While the first petition called on EPA to use its standard-setting authority to limit the concentration of algae-fueling pollutants – nitrogen and phosphorus – in lakes, rivers, and streams, the second petition called on it to limit discharge of those pollutants by one of their major sources: sewage treatment plants. The petition pointed out that the Clean Water Act requires EPA “from time to time” to take a look at what kind of pollution removal can be achieved by secondary treatment, meaning the biological systems that treatment plants use to clean up sewage before discharging it back into waterways. Last time EPA did that was in 1985. Although the Act doesn’t define exactly what “from time to time” means, we’re pretty sure it means something other than once every 30 or so years. Particularly since, in the intervening time, the technology has evolved to the point where it can be used to pretty effectively remove significant amounts of nitrogen and phosphorus from the treated sewage.

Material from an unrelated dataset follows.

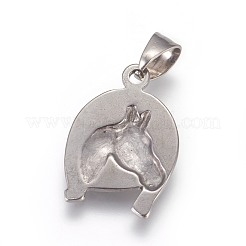 変色しない304ステンレススチールペンダント  馬蹄付き馬  ステンレス鋼色  24.5x17x3mm  穴：5x7.5mm&nbsp;STAS-E449-36P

In its response, EPA claimed it lacked sufficient information to say what kind of nitrogen and phosphorus removal secondary treatment can achieve – even though NRDC had provided it in the petition with extensive technical information regarding the capability of the technology, and invited EPA if it disagreed to perform its own analysis on this pretty important subject. What was really ironic, though, was the Agency’s blithe assertion that a better way to deal with the problem would be through permits for individual sewage plants, linked to water quality standards for their particular receiving waters – when it had just finished refusing to set water quality standards in response to our other petition.
It’s unfortunate that NRDC and our partners need to relentlessly pressure EPA to take basic steps to address an environmental problem that the Agency itself has identified as costly and massive. But that’s what we’ll continue to do as long as need be. Because it’s been pretty well established that dithering over algae is not going to make it go away.